İçindekiler
Bilginin Depolanmasında DNA Kapsülleri
Yeni teknolojilerin gelişmesiyle, bilgi depolama ve aktarımı alanında da büyük ilerlemeler kaydedilmiştir. Ancak, bu ilerlemelerin yanında karşılaşılan en büyük sorunlardan biri olan sınırlı kapasite, araştırmacıları farklı çözümler aramaya yöneltmiştir. Bu bağlamda, organik moleküllerden oluşan alternatifler arasında doğal olarak kodlanmış biyolojik bilgilerin depolanması için DNA molekülleri öne çıkmıştır.
DNA Molekülünün Yapısı ve Özellikleri
İki sarmaldan oluşan DNA molekülü, A, C, G ve T harfleriyle gösterilen nükleotidlerin art arda dizilmesiyle meydana gelir. Bu dizilimde, A her zaman T ile, C de her zaman G ile eşleşir. Bu sayede, dijital bilgilerde kullanılan 0 ve 1’lere benzer şekilde, AT ve CG çiftleriyle de bilgiler kodlanabilir.
Bu moleküllerin en büyük avantajlarından biri, geleneksel teknolojilere kıyasla çok daha yüksek miktarda bilginin küçük bir hacme depolanabilmesidir. Örneğin, 1 gram madde içerisine, geleneksel yöntemlerle ulaşılabilen miktardan milyonlarca kat daha fazla bilgi kodlanabilir. Ayrıca, DNA moleküllerinin yapısı kolay bozulmadığından uzun süreli depolamaya da uygundur.
DNA’nın Okunması için Yeni Bir Yöntem
Geçmişte, DNA parçacıklarının okunması için kullanılan polimeraz zincir tepkimesi (PCR) adlı mekanizma, istenmeyen DNA parçalarının kopyalanmasına da neden olabilmekteydi. Ancak, Eindoven Üniversitesi’nden bir grup araştırmacı, bu soruna çözüm olabilecek bir yöntem geliştirmiştir.
Bilginin kodlandığı DNA parçalarını ısıya duyarlı, yarı geçirgen mikrokapsüllerin içine sabitleyen araştırmacılar, bu sayede farklı sıcaklıklarda kopyalama işlemi sırasında bilgilerin karışmasını engelleyebilmektedirler. Ayrıca, farklı renklerde floresan molekülleriyle etiketlenen kapsüller sayesinde, okunmak istenen “dosyanın” hangi kapsülde olduğu da kolaylıkla belirlenebilmektedir.

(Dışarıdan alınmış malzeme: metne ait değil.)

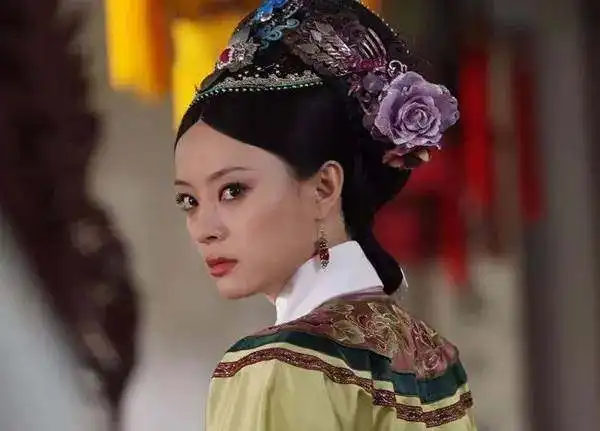 为什么乾隆立一个不爱的女人为皇后
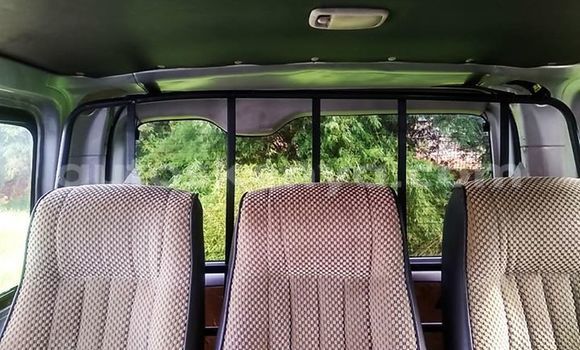 Oofamaa Toyota Hiace Silver Makiinaa iti Nairobi keessatti Nairobi keessatti Oofamaa Toyota Hiace Silver Makiinaa iti Nairobi keessatti Nairobi keessatti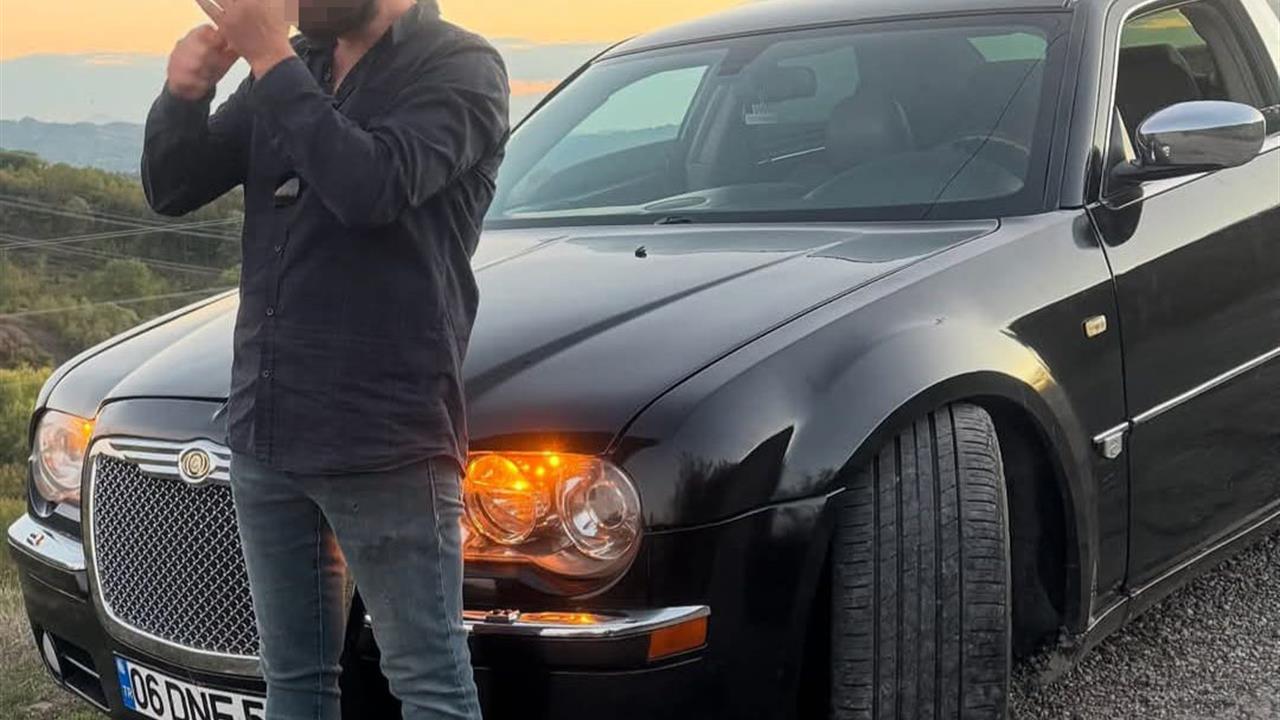 Bartın'da Kırmızı Işıkta Kaza: Sürücü Hastanede Bulundu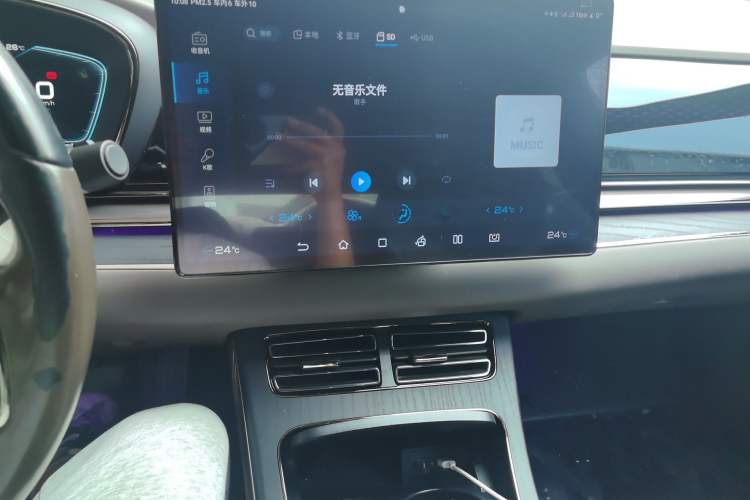Used BYD Han 2020 DM Four-Wheel Drive Performance Edition Prestige Model Audio And AC Panel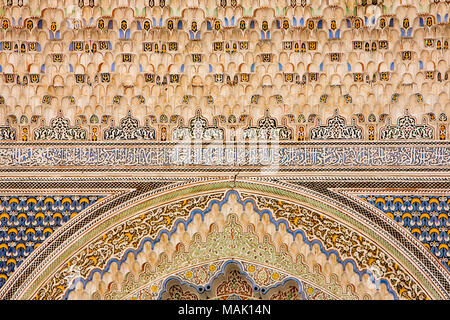 Il Marocco, Fes, Fes el Bali, Medina, la Moschea di Kairaouine, la moschea di al-Qarawiyyin, decorazione Foto Stock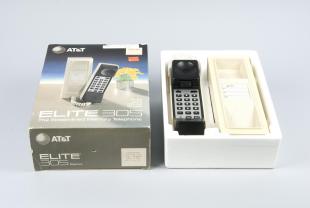 AT&T Elite 305 streamlined memory phone
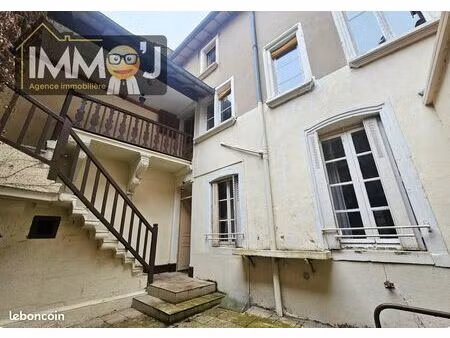 immeuble 7 pièces 224 m²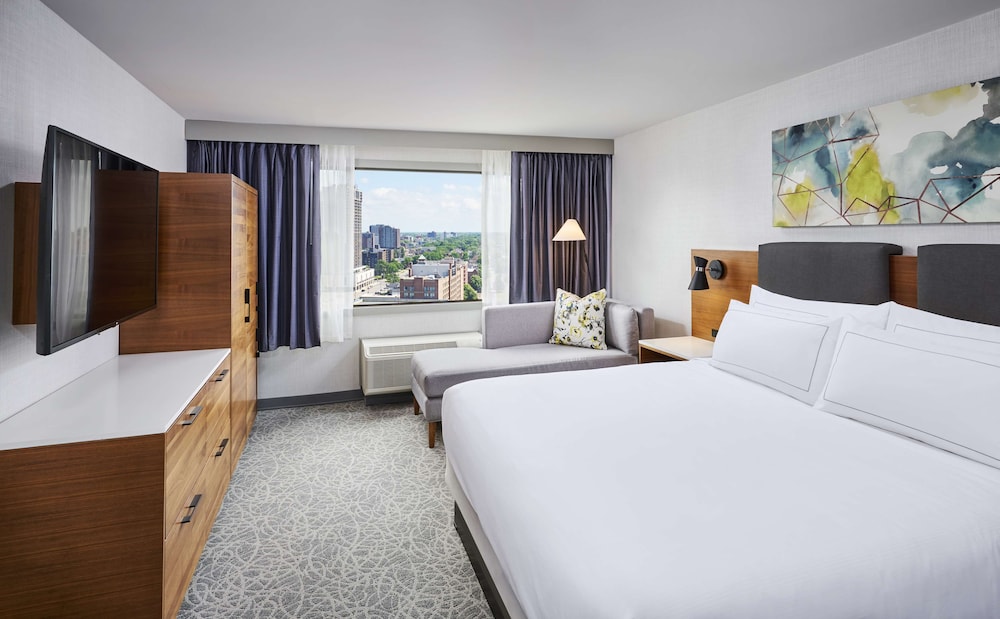 Suite, 1 King Bed (2 Rooms) - Photo 2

Özet: DNA Molekülleri Bilginin Depolanmasında Yeni Bir Çığır Açıyor
Bilgi depolama alanında yeni bir dönem açan DNA molekülleri, organik yapısı ve yüksek depolama kapasitesi sayesinde büyük ilgi görmektedir. Yapılan araştırmalar sonucunda, DNA’nın kullanımını daha da kolaylaştıracak yöntemler geliştirilmektedir. Bu sayede, gelecekte daha fazla bilginin daha küçük hacimlerde depolanabileceği düşünülmektedir.